O dia 25 de Abril é para mim o dia em que a liberdade livre nasceu. E a liberdade livre não tem programa, nem dono. Veio de capitães, não tem que ter coronéis. “Cumprir Abril” é apenas viver a liberdade de sermos a sociedade que, no exercício da democracia, esse pobre, prosaico, mas insubstituível regime (por enquanto, pelo menos), queiramos ser. E, por mais exercícios de intimidação cultural a que sejamos sujeitos, a começar pelos da esquerda não-democrática, nós vivemos em democracia. E, agora, também em globalização, o que faz com que a nossa vida seja dura e exija de nós, não a cultura da queixa e do ressentimento com que facilmente se atraem moscas, mas uma competência, uma racionalidade e uma coragem que temos de ir buscar, numa pequena parte ao nosso passado e em grande medida ao futuro.

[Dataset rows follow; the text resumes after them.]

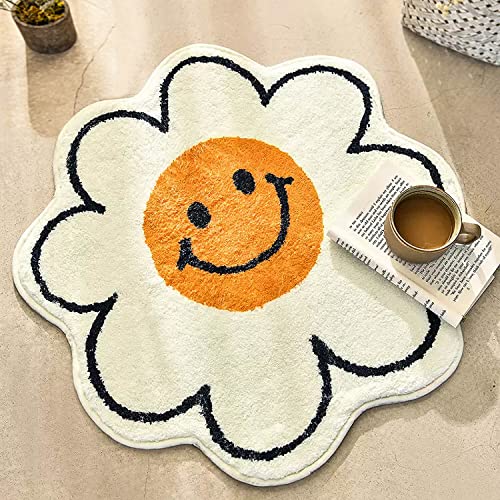 FOMAILE Bathroom Rugs Cute Bath Mat Sunflower Mat Happy Face Rug Strong Water Absorption Bath Rug Super Absorbent and Fluffy Mat Machine Washable Bahtub Mats for Shower, Tub, Bedroom 31.5IN - 31.5IN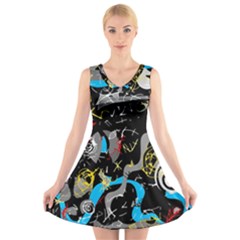 Confusion 2 V-neck Sleeveless Skater Dress by Valentinaart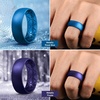 image:imageEgnaro Mens Silicone Rings 8mm Wide Flexible Rubber Wedding Band for HimSETC13Black  Metallic Purple  Metallic Royal Blue  Black Gray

Por obra e graça de uns capitães idealistas (mais uns do que outros, ou não fosse toda a vida humana um teatro de drama, tragédia e às vezes comédia), o dia 25 de Abril de 1974 foi o dia em que nasceu a liberdade livre. Se fosse o dia em tivéssemos ficado sujeitos à obrigação de Portugal seguir um exacto modelo de sociedade, o 25 de Abril não seria evocado, como é e eu aqui também o evoco, o dia da alegria pura, da alegria de todos.